Novel Review - Confessions of a Thug by Philip Meadows Taylor


Confessions of a Thug

by Philip Meadows Taylor, 1839, 552pp
TLDR: 4 our of 5 for a naturalistic and documentary account of the Thuggee phenomenon.

I've always been intrigued by the thuggee - the acts of that particular class of person in India that practiced the profession of murder and theft - and when I discovered this book during the research for my Black Hand of the Raj horror scenario for Trail of Cthulhu, it seemed like the perfect opportunity. I kept my eye open for a used copy for years, and eventually settled on this version from Audible, read by Sanjiv Jhaveri.

Confessions of a Thug is considered a classic in the body of English literature that deals with colonial India. It stands out from all the other books of its time (and many since) for being a naturalistic account of a character who is uniquely Indian without any of the associated superiority and racism that one might expect from a British author. Taylor was, himself, a member of the British civil service and participated in the hunt for and capture of thugs.

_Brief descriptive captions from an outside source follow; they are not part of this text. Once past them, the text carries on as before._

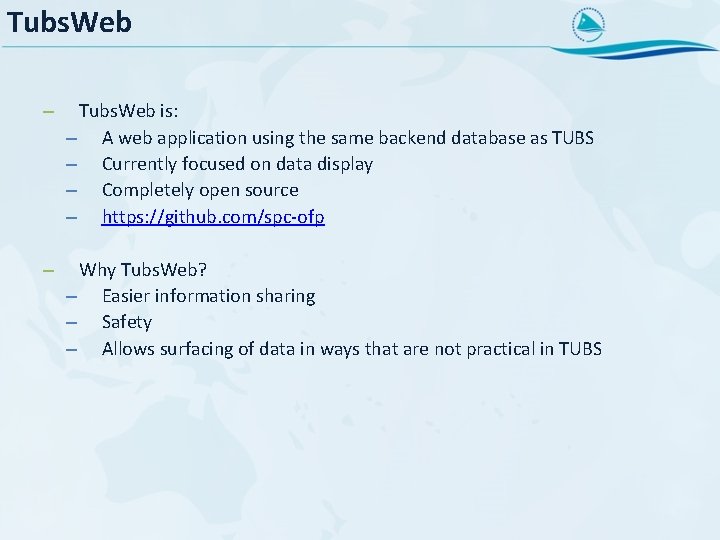 Tubs. Web – Tubs. Web is: – A web application using the same backend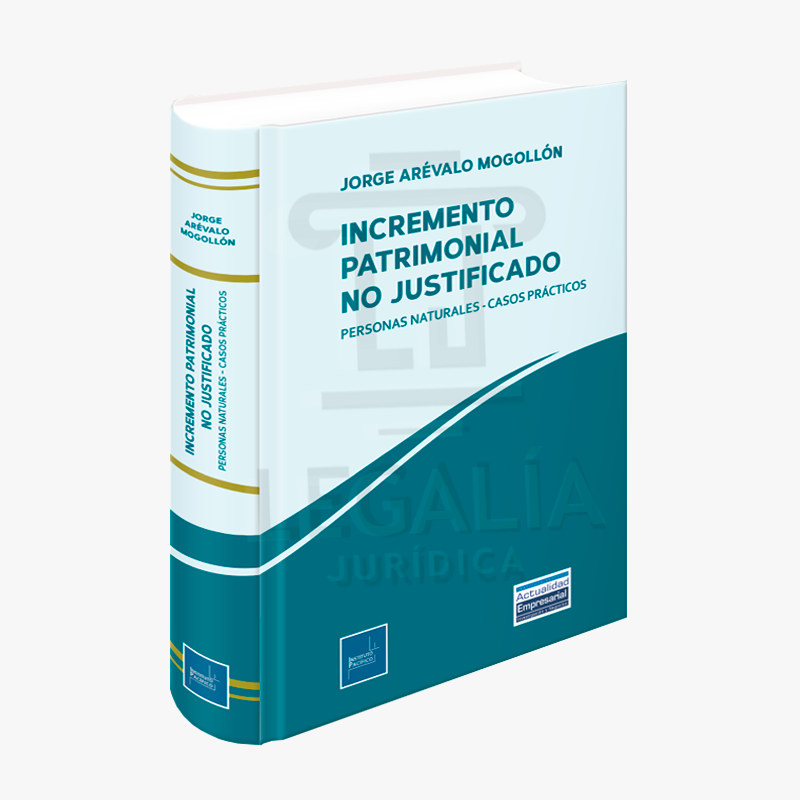 INCREMENTO PATRIMONIAL NO JUSTIFICADO AREVALO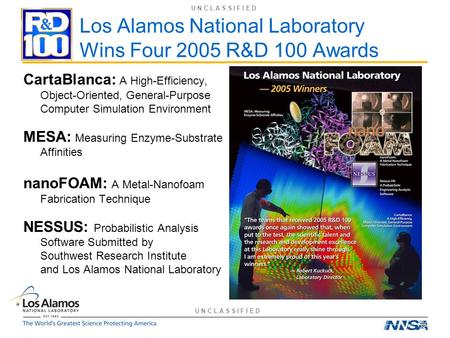 Los Alamos National Laboratory Wins Four 2005 R&D 100 Awards CartaBlanca: A High-Efficiency, Object-Oriented, General-Purpose Computer Simulation Environment.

Confessions takes to the form of the narrative of the life of Ameer Ali (a fictional character based on the accounts of three real thugs turned informers). His story is revealed to us via an interview with an unnamed Englishman (presumably Taylor himself in voice). Ali reveals how his parents were killed by thugs, and he joined the cult in order to save his life. From there, he learned their ways and got into all kinds of adventures and misadventures, mostly involving the conning and murdering of travellers. In time he becomes a leader, and at one point he and his band become pindars, Muslim irregulars in the employ of the Marathas in their war against the Mughals. Later in his life he is captured and imprisoned, but then released again with a caution. He find himself drawn back into the life of the thug.


Ammer's account is surprisingly natural, and this lends the book the air of a documentary rather than a novel. Ali speaks matter-of-factly about his activities, his motives, and the consequences of his actions. It can make for a dry read, in places, but always one comes back to fascinating little details that create an impression of the place and time. As an adventure story it falls a little short in the writing, but as a genuine account of mid-colonial India it shines. It also presents a fascinating insight into the mind of a serial murderer, and does so without judgement.

Recommended reading for those with an interest in the subject. 4 our of 5.